The sex lives of Bill Clinton, Sarah Palin and Herman Cain are open season, but Barack Obama’s is off limits. John Edwards’ sex life was off limits until his candidacy was over. Ted Kennedy got kicked out of college for cheating, then later drove his car off a bridge while drunk and left a woman he wasn’t married to behind to drown and it didn’t end his career.

If the media dislikes you they will fixate on every thing you say, pointing to every slip of the tongue, mispronounciation and verbal gaffe as proof you are a moron. If they like you then you can be a moron and they will say your mistakes are proof that you are smarter than everyone else.

Which brings us to this:

Furthermore, Mr. Romney, still unable to reach beyond 25 percent in GOP polls, may have hit his high-water mark. Consider how the selectively quiet mainstream media waged war on the conservative challengers, one by one, just as they began to pose threats to Mr. Romney, yet they have found little time for exposes on Romneycare or Bain Capital or – brace yourself – racism in the Mormon Church. Don’t worry, they will. Meanwhile, conservatives should ask themselves why they’re holding back now.

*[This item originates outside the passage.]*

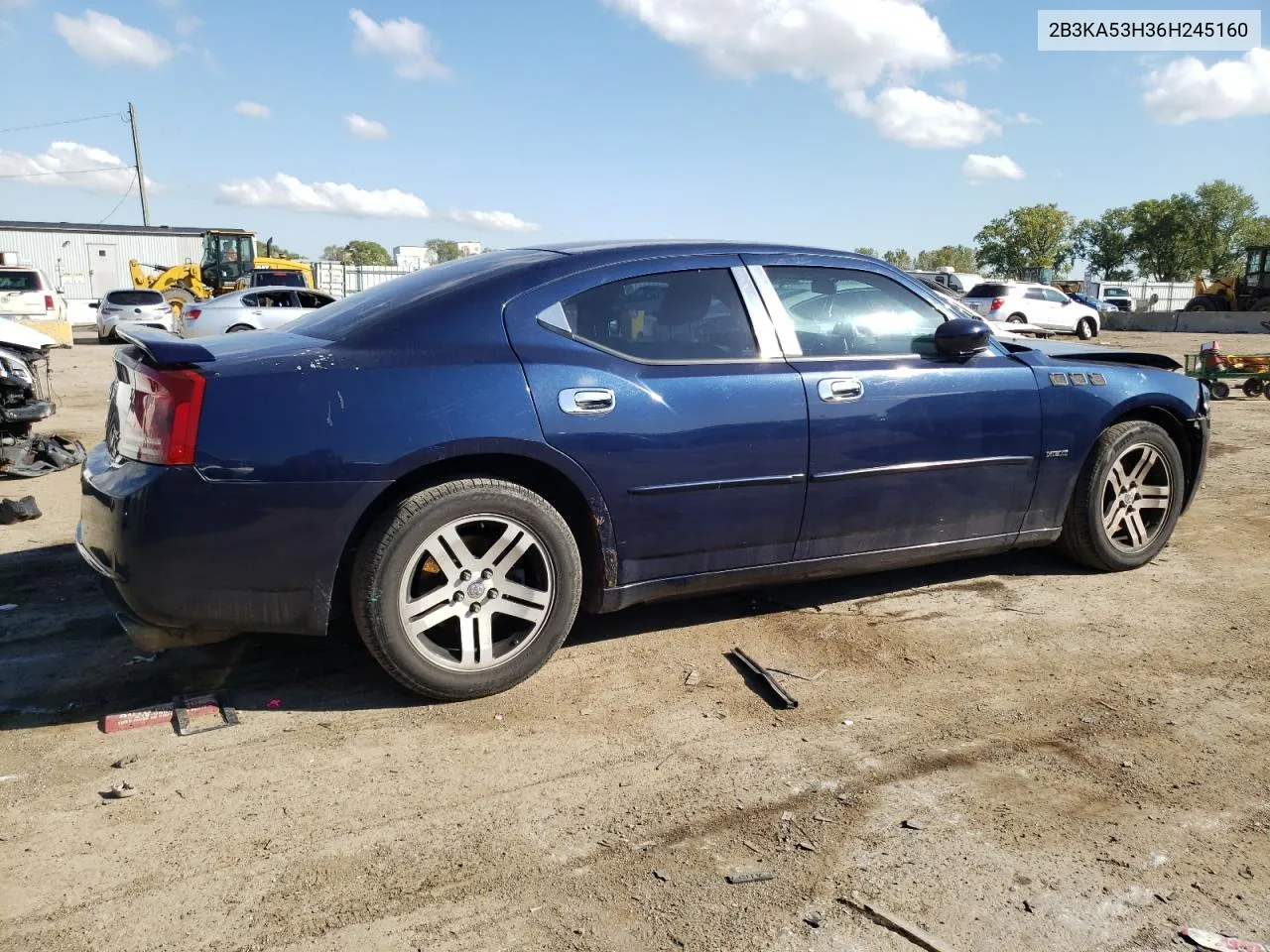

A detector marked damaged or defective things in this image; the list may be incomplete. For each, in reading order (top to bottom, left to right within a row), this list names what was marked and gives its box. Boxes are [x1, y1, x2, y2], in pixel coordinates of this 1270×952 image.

damaged car [0, 320, 86, 479]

Even Mr. Romney’s supporters admit this. Washington icon Ann Coulter has curiously joined league with ultraliberal Obamaphiles Bill Maher and Warren Buffett, as well as the one-woman brain trust, Meghan McCain, to support Mr. Romney in the primaries. Miss Coulter claims the mainstream media are “terrified” of a Romney GOP nomination. Destroying her own argument, she predicts there will be an “explosion” of anti-Romney news stories that “have already been written, but they’re not scheduled for release until the day Romney wraps up the nomination.”

Miss Coulter doesn’t explain what motivates the media to shield the Romney campaign during the primaries. The answer is obvious: Mitt Romney is the media’s rope-a-dope re-election strategy for Barack Obama. They hope we’ll bite.

The media will turn on Mr. Romney faster and with greater vengeance than they did Mr. McCain in 2008, and when they do, his poll numbers – unlike those of his GOP rivals who already have faced their firestorms – will crater like Mr. McCain’s did. I would guess they’re already hunting down every family with a grievance against Bain Capital for breathless “How Mitt Romney destroyed our family” news stories. Unfair? Absolutely. Damaging? You decide.

If you still don’t believe the Obama-friendly media are hoping Mitt Romney wins the GOP nomination, Google “Mitt Romney money picture” and ask yourself why the media are – for now – holding back this unseemly photo. It shows the former Massachusetts governor beside his former business partners with cash pouring out of their pockets, lapels, shirt collars and even a few body orifices. Even unapologetic champions of the free market cringe with anticipation of the bonanza that photo provides for Team Obama, which already loves to blame the weak economy on “fat-cat” bankers. This photo will be Exhibit A.


If I had to pick the single, most important lesson from 2008, it’s that we should beware the media darlings.

I don’t know whether Mitt Romney is being set up as a sacrificial lamb or not. A more likely explanation is a fixed race with two ringers. Obama is a Wall Street puppet. Romney is a Wall Street alumni. Either way, Wall Street wins.